» **What is needed**
Which lines of the records below contain the word "Black"? Report each of them in full.

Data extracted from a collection
>>>>>
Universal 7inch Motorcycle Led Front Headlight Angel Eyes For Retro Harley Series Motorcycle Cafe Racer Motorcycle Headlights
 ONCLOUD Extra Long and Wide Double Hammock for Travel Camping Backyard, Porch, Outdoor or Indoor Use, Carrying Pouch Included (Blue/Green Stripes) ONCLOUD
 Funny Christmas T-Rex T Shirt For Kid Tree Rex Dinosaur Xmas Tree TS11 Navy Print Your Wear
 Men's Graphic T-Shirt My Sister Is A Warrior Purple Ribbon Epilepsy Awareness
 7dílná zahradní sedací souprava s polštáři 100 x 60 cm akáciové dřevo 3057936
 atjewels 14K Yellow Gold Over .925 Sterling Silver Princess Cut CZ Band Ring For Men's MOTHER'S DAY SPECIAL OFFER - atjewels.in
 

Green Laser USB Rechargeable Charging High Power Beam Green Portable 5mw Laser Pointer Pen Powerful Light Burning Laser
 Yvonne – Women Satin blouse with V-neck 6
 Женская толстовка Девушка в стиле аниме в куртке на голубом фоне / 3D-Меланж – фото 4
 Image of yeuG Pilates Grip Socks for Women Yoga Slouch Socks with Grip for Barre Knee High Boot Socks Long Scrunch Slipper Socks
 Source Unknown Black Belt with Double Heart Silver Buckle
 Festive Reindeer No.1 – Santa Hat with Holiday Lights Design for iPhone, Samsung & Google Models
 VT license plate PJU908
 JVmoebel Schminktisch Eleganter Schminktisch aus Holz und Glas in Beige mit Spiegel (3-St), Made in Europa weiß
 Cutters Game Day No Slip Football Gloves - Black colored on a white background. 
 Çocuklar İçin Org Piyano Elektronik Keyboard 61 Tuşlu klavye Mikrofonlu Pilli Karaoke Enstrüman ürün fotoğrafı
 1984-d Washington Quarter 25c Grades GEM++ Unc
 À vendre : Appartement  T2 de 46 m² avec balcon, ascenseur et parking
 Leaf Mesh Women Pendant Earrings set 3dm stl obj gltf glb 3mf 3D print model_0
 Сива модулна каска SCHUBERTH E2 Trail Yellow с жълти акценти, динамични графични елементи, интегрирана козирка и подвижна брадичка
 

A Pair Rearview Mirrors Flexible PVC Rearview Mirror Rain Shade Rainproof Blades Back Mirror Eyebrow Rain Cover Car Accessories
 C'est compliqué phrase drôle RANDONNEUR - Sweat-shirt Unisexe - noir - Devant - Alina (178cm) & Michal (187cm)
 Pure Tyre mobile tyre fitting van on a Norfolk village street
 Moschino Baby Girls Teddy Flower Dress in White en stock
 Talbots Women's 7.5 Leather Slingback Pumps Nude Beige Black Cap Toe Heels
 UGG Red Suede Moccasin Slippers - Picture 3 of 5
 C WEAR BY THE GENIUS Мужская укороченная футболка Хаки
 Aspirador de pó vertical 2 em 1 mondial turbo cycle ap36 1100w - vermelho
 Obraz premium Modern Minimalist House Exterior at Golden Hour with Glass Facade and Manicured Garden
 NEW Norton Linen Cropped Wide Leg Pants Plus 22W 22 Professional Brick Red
<<<<<
» **Finished exercise**
 Source Unknown Black Belt with Double Heart Silver Buckle
 Cutters Game Day No Slip Football Gloves - Black colored on a white background. 
 Talbots Women's 7.5 Leather Slingback Pumps Nude Beige Black Cap Toe Heels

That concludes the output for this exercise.